Reia Chapman, founder and director of clinical services at the Center for Family & Maternal Wellness in Charlotte, North Carolina, is committed to helping others. Chapman embodies what she considers to be her calling and a commitment to liberating clients through mental and emotional wellness. As a professional social worker, psychotherapist and public speaker, she strives to break down misconceptions of mental illness. In observance of Mental Health Awareness Month, Chapman spoke with rolling out.
Tell us about the Center for Family & Maternal Wellness?
The Center for Family & Maternal Wellness is an outpatient therapy practice serving the greater Charlotte area. We are completely staffed with women of color and specialize in providing queer- and trans people of color-affirmative psychotherapy, maternal mental health and trauma-focused cognitive behavioral therapy.
What stigmas affect the Black community regarding mental illness?
Common stigmas involve culturally held beliefs about mental health, spirituality and gender roles and toxic masculinity, but I am seeing a trend in stigma around money and healthcare coverage. Many people experience feelings of shame for needing help paying for care or medications or are unable to meet requirements for insurance and are choosing to suffer in silence.
In your opinion, what are some steps we can do to change the stigma?
It’s important to keep naming and normalizing our responses to the lives we are living. Oftentimes, when we ask people about their family mental health history, they either don’t know [because no one talked about it], or they literally don’t have the language to describe the observation.
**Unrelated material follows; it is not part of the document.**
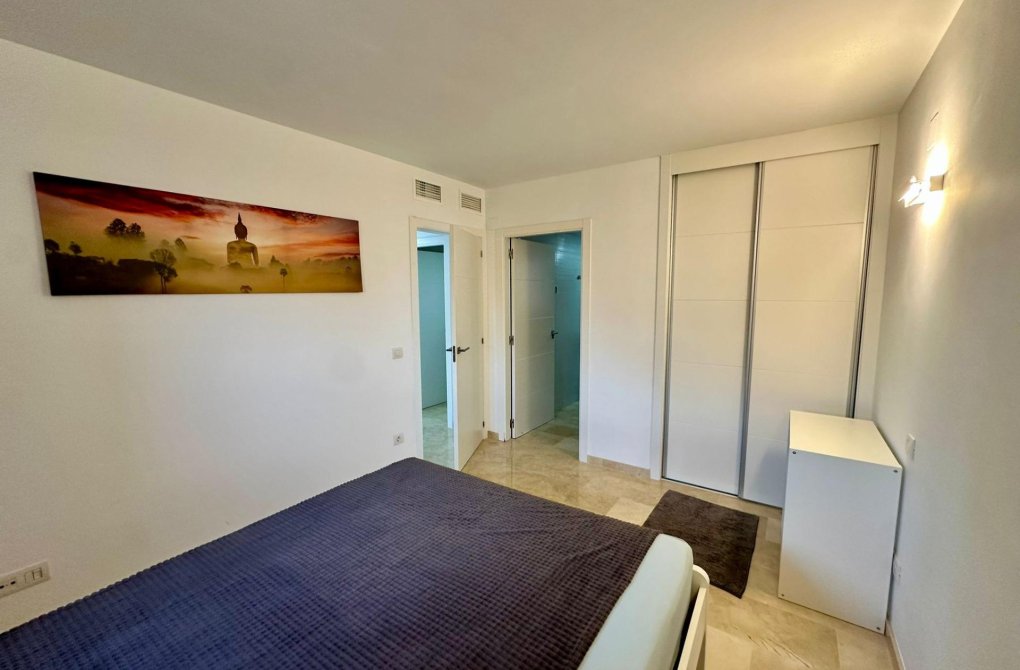 Resale - Penthouse - Torrevieja - Punta prima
The latter could be cultural, e.g., Asian or Hispanic communities, or as a result of the poor [or] limited documentation of the medical histories of Black folks.
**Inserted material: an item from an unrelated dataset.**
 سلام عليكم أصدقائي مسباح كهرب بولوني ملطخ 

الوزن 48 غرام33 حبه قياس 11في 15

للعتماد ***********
Name some symptoms of mental illness.
Symptoms can be specific to a mental health diagnosis like depression or bipolar disorder, and what is considered normal behavior varies among cultures. In general, if there is a significant change in a person’s behavior, mood or affect, that disrupts their normal functioning over time, or they are engaging in unsafe behaviors they may be experiencing a mental health crisis.
Is mental illness on the rise?
I think our awareness of and comfort in discussing mental illness is growing. I am increasingly treating people experiencing racialized trauma, depression, anxiety and post-traumatic stress reactions related to exposure to community-based and state-sanctioned violence in communities of color and toward QTPOC [Queer and Trans People of Color].
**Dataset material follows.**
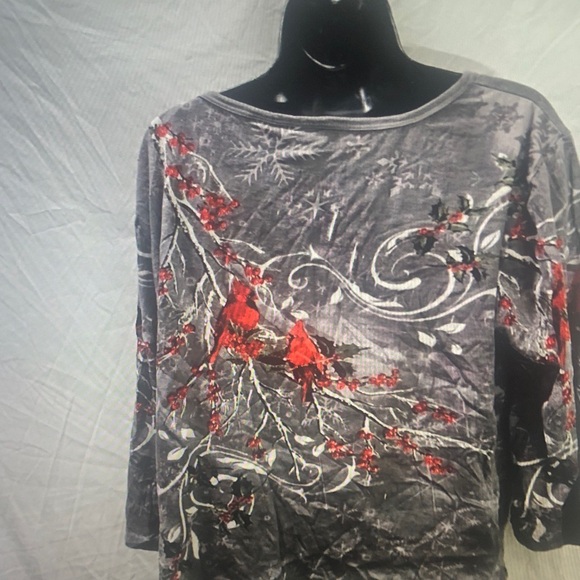 Gray and Red Bird Print Sweater - Picture 3 of 4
What are two valuable insights you’ve learned from therapy or counseling?
Sometimes a person isn’t mentally ill but exhibiting a normal response to a toxic environment or terrible life circumstance. And decolonizing our health practices is integral to our collective healing, especially when working with marginalized populations. It’s important to recognize the limitations in our formal training and how it can present as a barrier when working with some folks. That is why I created the Decolonizing Therapy workshop to assist clinicians with identifying their own implicit biases when working with diverse groups.